WHAT THIS TASK INVOLVES: Nothing may be changed. Give the entries below again exactly.

---- INPUT DATA

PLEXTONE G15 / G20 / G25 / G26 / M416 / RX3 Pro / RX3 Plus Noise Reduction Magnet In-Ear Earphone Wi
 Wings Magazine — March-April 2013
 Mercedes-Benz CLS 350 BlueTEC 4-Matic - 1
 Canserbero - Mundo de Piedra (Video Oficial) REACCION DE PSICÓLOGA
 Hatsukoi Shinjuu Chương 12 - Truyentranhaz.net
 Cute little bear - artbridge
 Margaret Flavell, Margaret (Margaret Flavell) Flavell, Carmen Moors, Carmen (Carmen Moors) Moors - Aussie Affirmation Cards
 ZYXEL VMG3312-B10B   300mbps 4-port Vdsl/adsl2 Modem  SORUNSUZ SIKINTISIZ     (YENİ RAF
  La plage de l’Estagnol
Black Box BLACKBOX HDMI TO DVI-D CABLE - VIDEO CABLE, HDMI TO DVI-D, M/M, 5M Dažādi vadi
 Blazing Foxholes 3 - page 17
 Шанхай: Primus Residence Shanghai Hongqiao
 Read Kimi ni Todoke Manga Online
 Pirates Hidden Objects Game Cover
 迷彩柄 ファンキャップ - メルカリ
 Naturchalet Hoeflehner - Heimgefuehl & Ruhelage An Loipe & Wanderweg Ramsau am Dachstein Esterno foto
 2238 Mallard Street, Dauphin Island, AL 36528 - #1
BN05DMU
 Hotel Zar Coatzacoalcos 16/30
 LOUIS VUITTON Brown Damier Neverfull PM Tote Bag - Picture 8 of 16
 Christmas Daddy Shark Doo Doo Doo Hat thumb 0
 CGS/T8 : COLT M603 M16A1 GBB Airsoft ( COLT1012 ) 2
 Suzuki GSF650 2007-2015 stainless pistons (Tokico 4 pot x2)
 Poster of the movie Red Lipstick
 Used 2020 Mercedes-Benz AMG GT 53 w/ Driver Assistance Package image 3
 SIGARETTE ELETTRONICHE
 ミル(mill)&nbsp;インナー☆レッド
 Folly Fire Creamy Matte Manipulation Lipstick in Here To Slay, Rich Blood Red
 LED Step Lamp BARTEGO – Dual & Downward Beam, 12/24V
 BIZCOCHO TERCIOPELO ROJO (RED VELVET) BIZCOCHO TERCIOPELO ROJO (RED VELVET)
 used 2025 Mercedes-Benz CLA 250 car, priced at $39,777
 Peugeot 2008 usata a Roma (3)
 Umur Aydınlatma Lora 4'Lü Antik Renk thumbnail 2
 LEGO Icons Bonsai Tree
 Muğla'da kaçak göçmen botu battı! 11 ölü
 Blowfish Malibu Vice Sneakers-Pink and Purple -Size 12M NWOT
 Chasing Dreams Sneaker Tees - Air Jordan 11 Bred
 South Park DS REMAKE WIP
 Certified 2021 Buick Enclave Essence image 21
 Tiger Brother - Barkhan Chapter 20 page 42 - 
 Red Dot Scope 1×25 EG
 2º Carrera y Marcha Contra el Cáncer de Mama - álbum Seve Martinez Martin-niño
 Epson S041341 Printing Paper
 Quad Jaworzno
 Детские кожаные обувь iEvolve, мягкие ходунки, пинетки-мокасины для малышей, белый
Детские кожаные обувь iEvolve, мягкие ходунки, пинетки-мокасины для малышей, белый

--------

COMPLETED EXERCISE:
PLEXTONE G15 / G20 / G25 / G26 / M416 / RX3 Pro / RX3 Plus Noise Reduction Magnet In-Ear Earphone Wi
 Wings Magazine — March-April 2013
 Mercedes-Benz CLS 350 BlueTEC 4-Matic - 1
 Canserbero - Mundo de Piedra (Video Oficial) REACCION DE PSICÓLOGA
 Hatsukoi Shinjuu Chương 12 - Truyentranhaz.net
 Cute little bear - artbridge
 Margaret Flavell, Margaret (Margaret Flavell) Flavell, Carmen Moors, Carmen (Carmen Moors) Moors - Aussie Affirmation Cards
 ZYXEL VMG3312-B10B   300mbps 4-port Vdsl/adsl2 Modem  SORUNSUZ SIKINTISIZ     (YENİ RAF
  La plage de l’Estagnol
Black Box BLACKBOX HDMI TO DVI-D CABLE - VIDEO CABLE, HDMI TO DVI-D, M/M, 5M Dažādi vadi
 Blazing Foxholes 3 - page 17
 Шанхай: Primus Residence Shanghai Hongqiao
 Read Kimi ni Todoke Manga Online
 Pirates Hidden Objects Game Cover
 迷彩柄 ファンキャップ - メルカリ
 Naturchalet Hoeflehner - Heimgefuehl & Ruhelage An Loipe & Wanderweg Ramsau am Dachstein Esterno foto
 2238 Mallard Street, Dauphin Island, AL 36528 - #1
BN05DMU
 Hotel Zar Coatzacoalcos 16/30
 LOUIS VUITTON Brown Damier Neverfull PM Tote Bag - Picture 8 of 16
 Christmas Daddy Shark Doo Doo Doo Hat thumb 0
 CGS/T8 : COLT M603 M16A1 GBB Airsoft ( COLT1012 ) 2
 Suzuki GSF650 2007-2015 stainless pistons (Tokico 4 pot x2)
 Poster of the movie Red Lipstick
 Used 2020 Mercedes-Benz AMG GT 53 w/ Driver Assistance Package image 3
 SIGARETTE ELETTRONICHE
 ミル(mill)&nbsp;インナー☆レッド
 Folly Fire Creamy Matte Manipulation Lipstick in Here To Slay, Rich Blood Red
 LED Step Lamp BARTEGO – Dual & Downward Beam, 12/24V
 BIZCOCHO TERCIOPELO ROJO (RED VELVET) BIZCOCHO TERCIOPELO ROJO (RED VELVET)
 used 2025 Mercedes-Benz CLA 250 car, priced at $39,777
 Peugeot 2008 usata a Roma (3)
 Umur Aydınlatma Lora 4'Lü Antik Renk thumbnail 2
 LEGO Icons Bonsai Tree
 Muğla'da kaçak göçmen botu battı! 11 ölü
 Blowfish Malibu Vice Sneakers-Pink and Purple -Size 12M NWOT
 Chasing Dreams Sneaker Tees - Air Jordan 11 Bred
 South Park DS REMAKE WIP
 Certified 2021 Buick Enclave Essence image 21
 Tiger Brother - Barkhan Chapter 20 page 42 - 
 Red Dot Scope 1×25 EG
 2º Carrera y Marcha Contra el Cáncer de Mama - álbum Seve Martinez Martin-niño
 Epson S041341 Printing Paper
 Quad Jaworzno
 Детские кожаные обувь iEvolve, мягкие ходунки, пинетки-мокасины для малышей, белый
Детские кожаные обувь iEvolve, мягкие ходунки, пинетки-мокасины для малышей, белый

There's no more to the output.